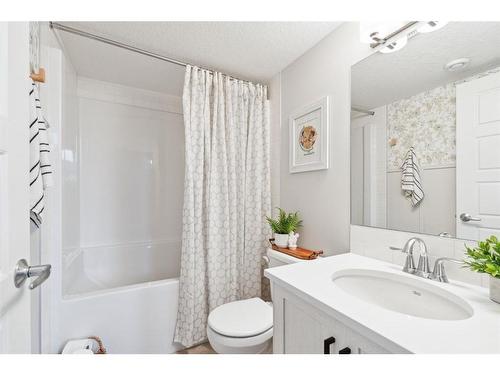 285 Sage Bluff Drive Nw, Calgary, AB - Indoor Photo Showing Bathroom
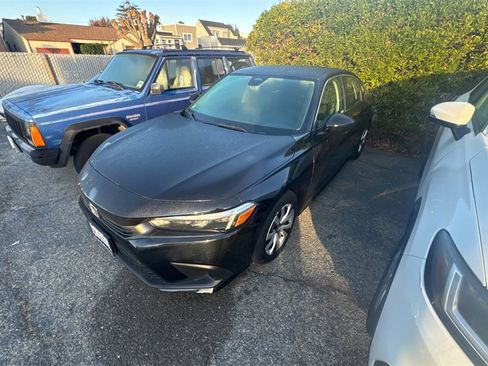 Used 2024 Honda Civic LX image 4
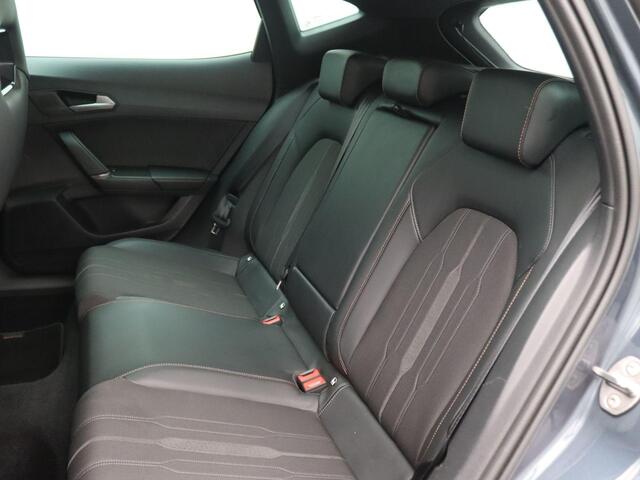 Cupra Formentor 1.4 e-Hybrid VZ Performance 245PK DSG SOH 95,47%, Trekhaak, Achteruitrijcamera, Verwarmbare voorstoelen, Adaptieve Cruise Control, 19" LM Velgen, Elektr. Achterklep, Supersportstuur, Keyless
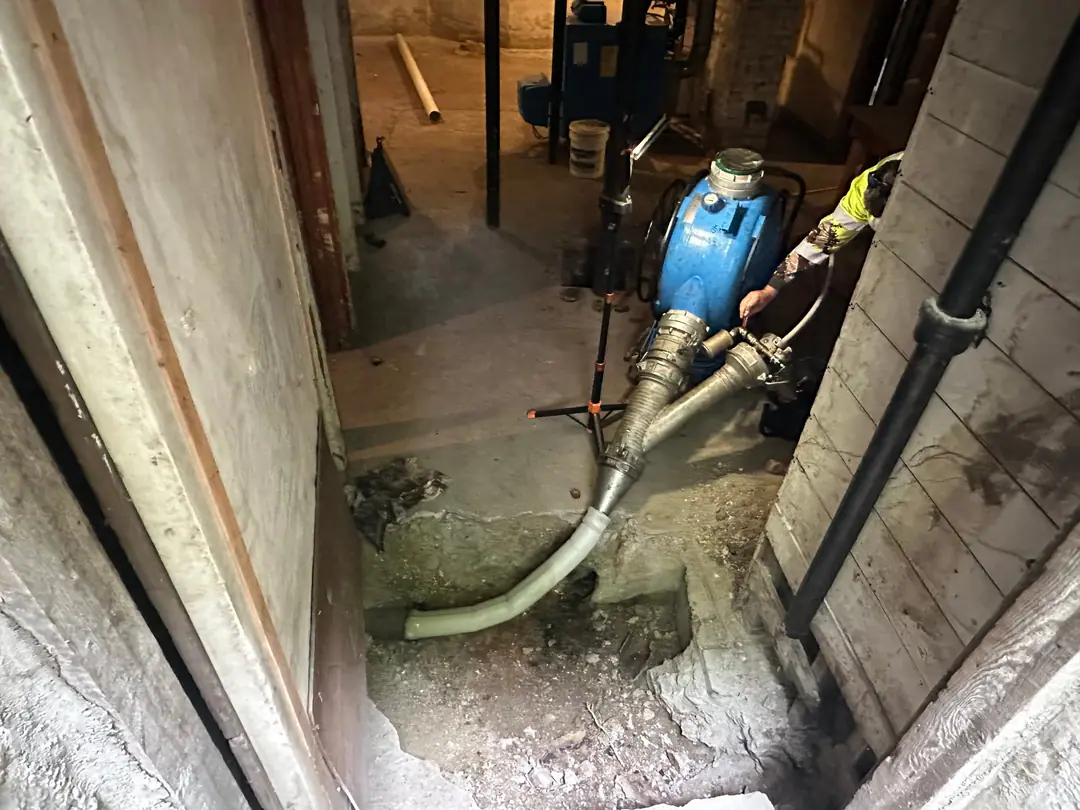 Our inversion drum feeding a liner in a narrow basement passage on our Dorchester job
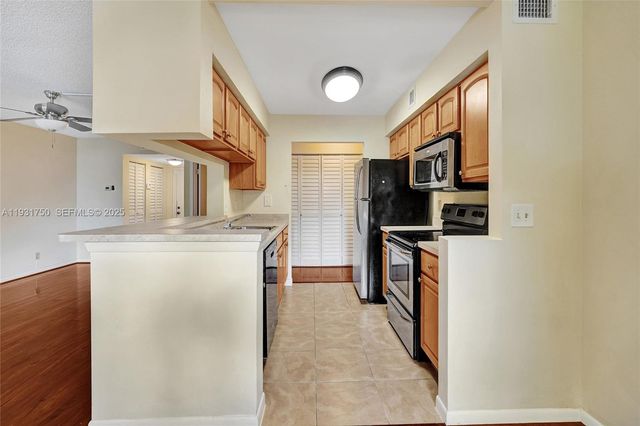 9833 Westview Dr 819, Coral Springs, FL 33076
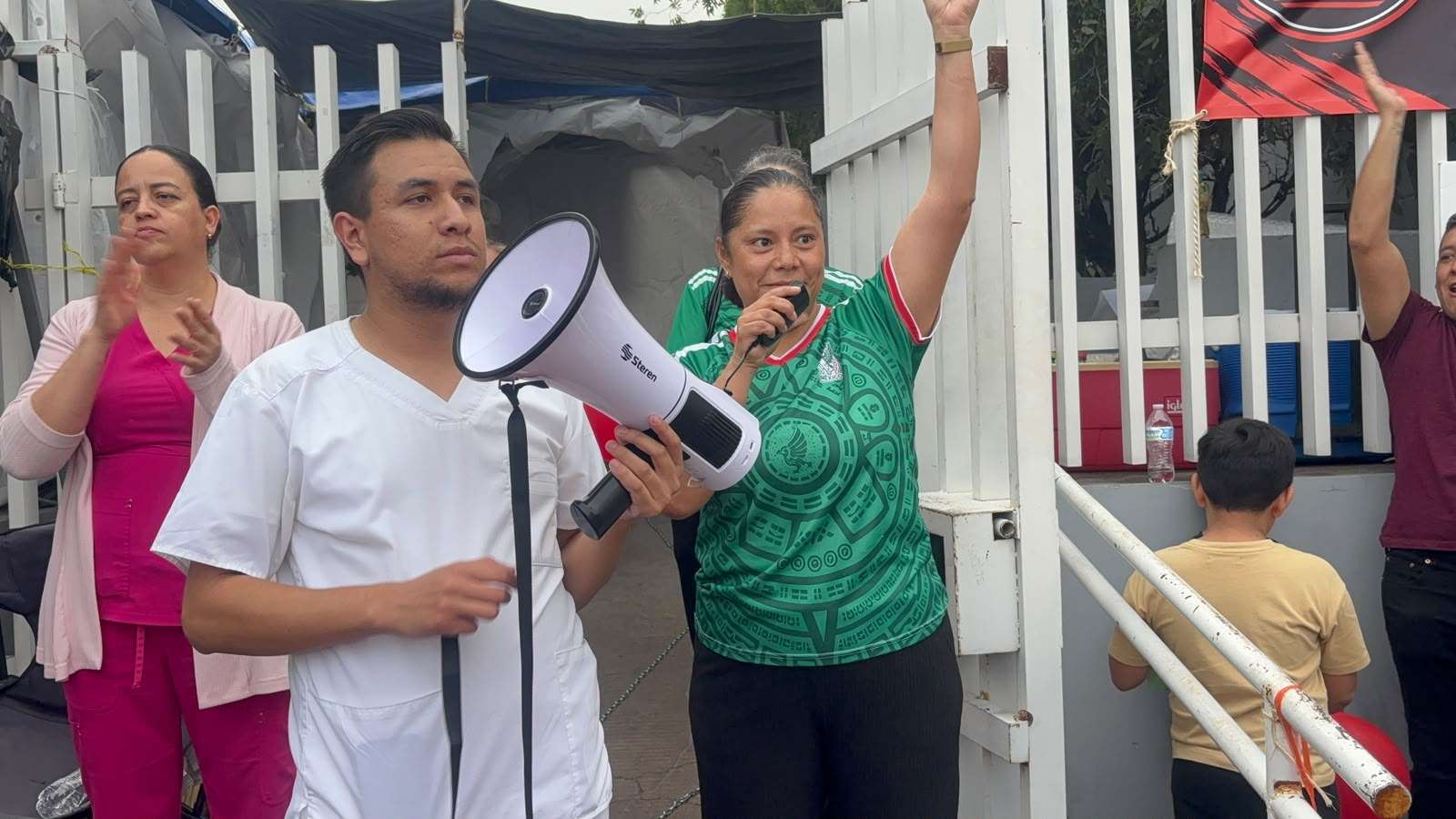 Se encadena en las instalaciones del sindicato del Imss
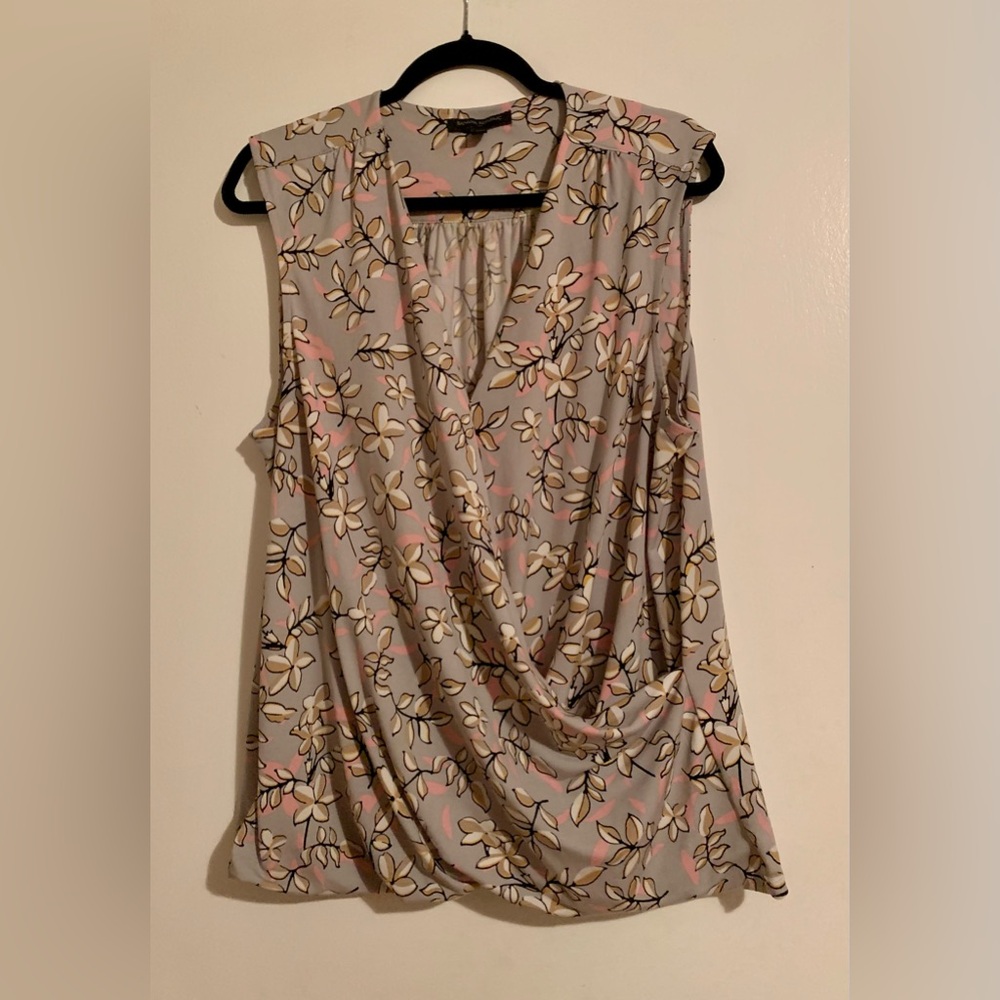 Banana Republic Sleeveless Floral Surplice Blouse in Gray, Pink, Cream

○ ○ ○

Task objective:
Retyped exactly, the lines from the one holding "Used 2024 Honda Civic LX image 4" through the last line of the data above are the whole answer. Pictures stay out.

Result for this task:
 Used 2024 Honda Civic LX image 4
 Cupra Formentor 1.4 e-Hybrid VZ Performance 245PK DSG SOH 95,47%, Trekhaak, Achteruitrijcamera, Verwarmbare voorstoelen, Adaptieve Cruise Control, 19" LM Velgen, Elektr. Achterklep, Supersportstuur, Keyless
 Our inversion drum feeding a liner in a narrow basement passage on our Dorchester job
 9833 Westview Dr 819, Coral Springs, FL 33076
 Se encadena en las instalaciones del sindicato del Imss
 Banana Republic Sleeveless Floral Surplice Blouse in Gray, Pink, Cream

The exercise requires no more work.